All fostered pets are required to live with their foster for a minimum of five days. Saadi said the typical foster period can last two weeks or more. However, during this time with the shelter not being as active with in-person adoption events, Saadi said the shelter is trying to keep as many animals in foster care as possible.
“I think at least 25% of the ones we placed in foster care will end up being permanent adoption,” Saadi said. “I’m hoping it will be a little bit more and I’m hoping that the rest of the fosters will decide to keep fostering over and over again for us.”
With many people working from home due to the COVID-19 outbreak, Saadi said it is now a great time for individuals interesting in fostering to try it out. Once life returns to normal, Saadi said she hopes those fostering will realize taking care of an animal is not as time consuming as they might have thought.
Christina Manley, foster dog parent, said she and her husband have been wanting to foster a dog for a while but were hesitant due to time constraints. Now that the couple is working from home, Manley said she and her husband figured it would be the perfect time to foster a dog and give the pet all of the love and attention it deserves.
Manley and her husband are fostering a 46-pound beagle terrier pitbull mix named Ella. They have been fostering Ella since March 27. When applying to be a foster, Manley said she wanted to make sure their foster dog would be friendly toward their resident dog Franklin. She said the shelter referred them to Ella because of her experience living with a kennel mate.
“They get along unbelievably well,” Manley said. “It’s just both their temperaments. He is a really chill go-with-the flow dog, if you’re cool with him then he’s cool with you, and she’s definitely the same way.”
Manley said she is glad to be able to help the shelter during this time. She said by fostering Ella she hopes she will alleviate the shelter’s employees’ stress.
“By taking a dog in, you give the employees a break and a chance to stay at home during this time,” Manley said. “The less dogs they have to take care of right now, the better.”
In addition to first-time fosters, the shelter has relied on the support of continuing fosters. Debbie Randall has fostered 15 dogs from the shelter. She is currently fostering two dogs from the shelter: a chihuahua named Frida and a terrier mix named Frito.
She has been fostering Frida since December 2019 and began fostering Frito last week.
Randall said she loves fostering dogs because she values being able to save a dog’s life as well as help the local shelter. She said she has been fostering dogs for 25 years and has fostered over 100 dogs from various shelters.
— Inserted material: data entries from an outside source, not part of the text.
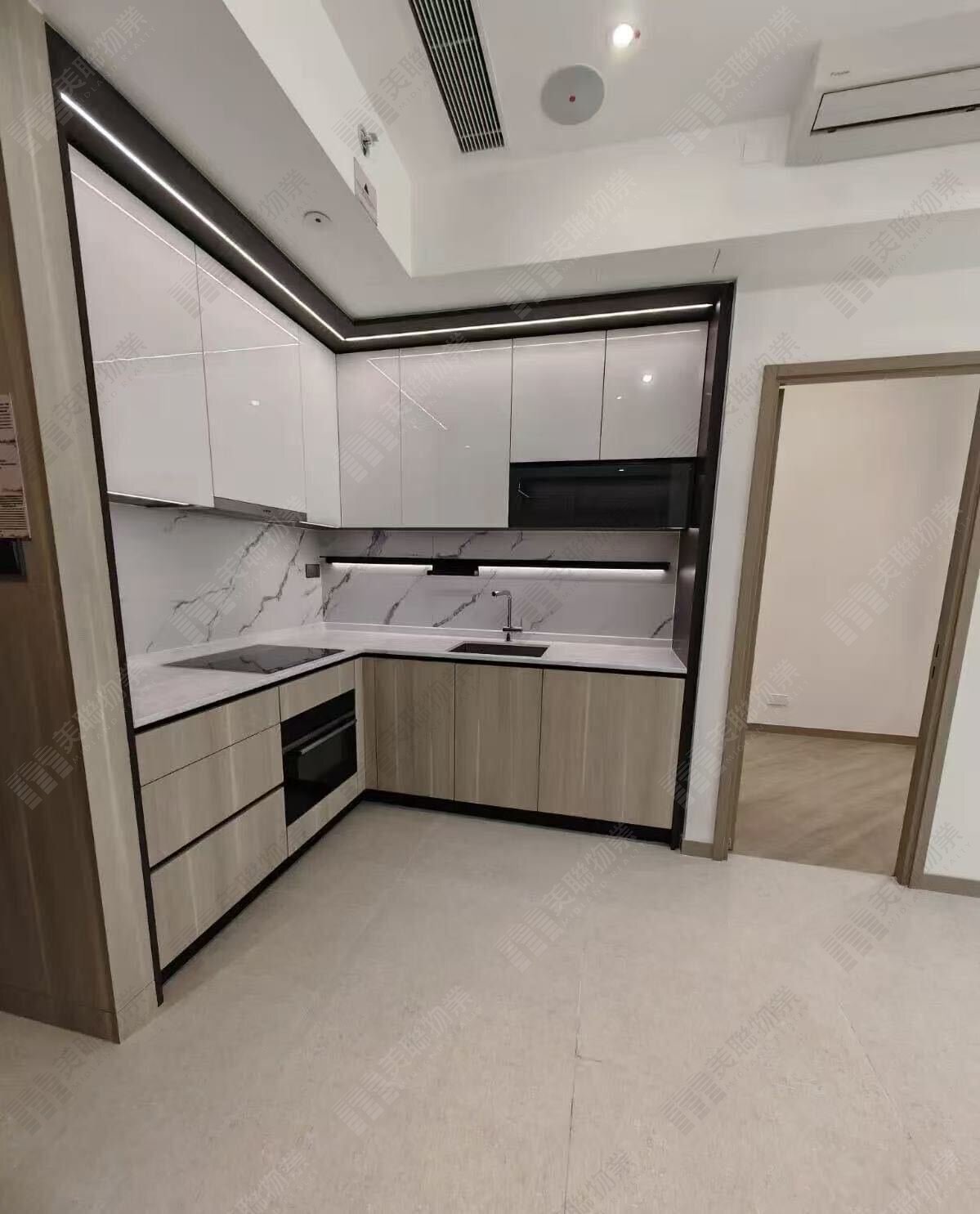 SIERRA SEA PH 01A AQUA AVE TWR 01 Ma On Shan L 1789054 For Buy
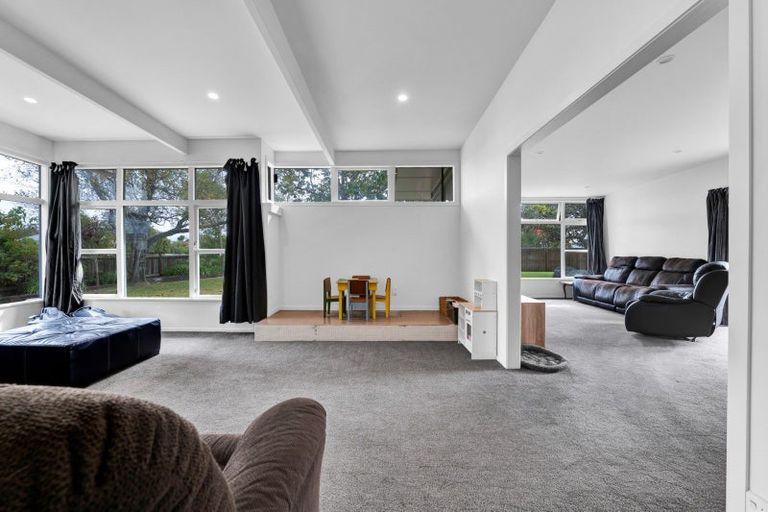 Photo of property in 34 Cordelia Street, Stratford, 4332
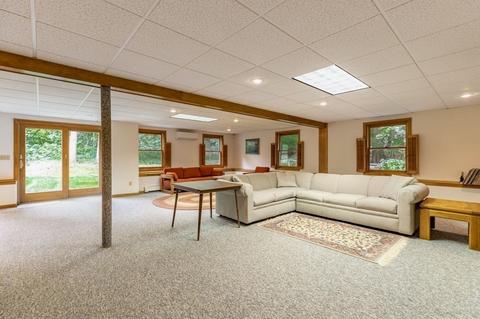 5 Windham Cir, Canton, MA 02021 photo 31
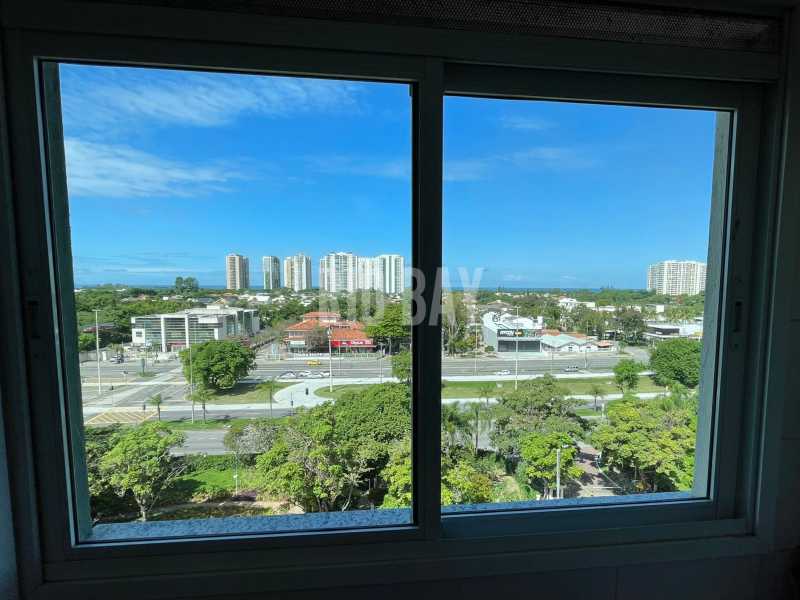RIO BAY 9 - 10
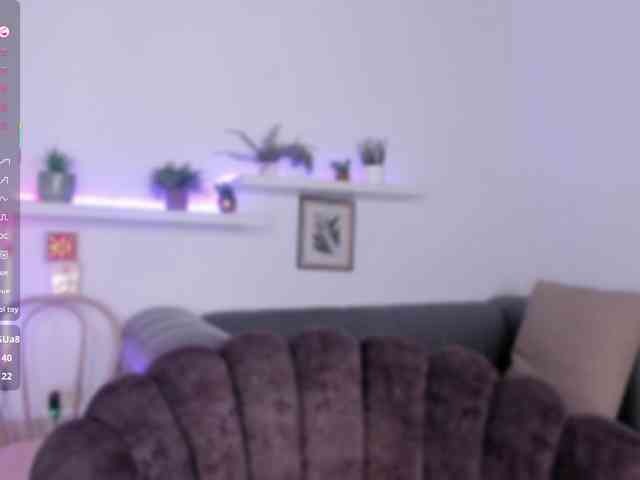 salma-arabic webcam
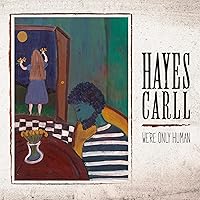 Suffocation - Human Waste - Amazon.com Music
“It helps (the animals) get out of the environment and gets them to a quieter place where they feel more secure,” Randall said. “It just helps them feel safe.”
In addition to Frida and Frito, Randall has 10 rescue dogs of her own. She said her dogs sometimes take time getting used to a new foster dog, but within a few days, all of the dogs are running around and playing with each other.
“They’re a really good group with the other dogs,” Randall said. “They teach them how to play and how to live in a house. They really help build confidence in playing and feeling safe.”
When it comes to fostering an animal, Randall said patience is key. She said a lot of times the animal’s past situation is unknown and it can take time for them to learn how to live in a secure environment.
“A dog could’ve been a stray, abused or surrendered, and it takes time for the dog to learn what you expect from them,” Randall said. “They’re going to make mistakes, you just have to work with them and have compassion and a passion to teach them.”
Those unable to adopt or foster an animal at this time can share their support by donating cat and dog food to the shelter or by donating to Mutt Strutt, the shelter’s non-profit partner.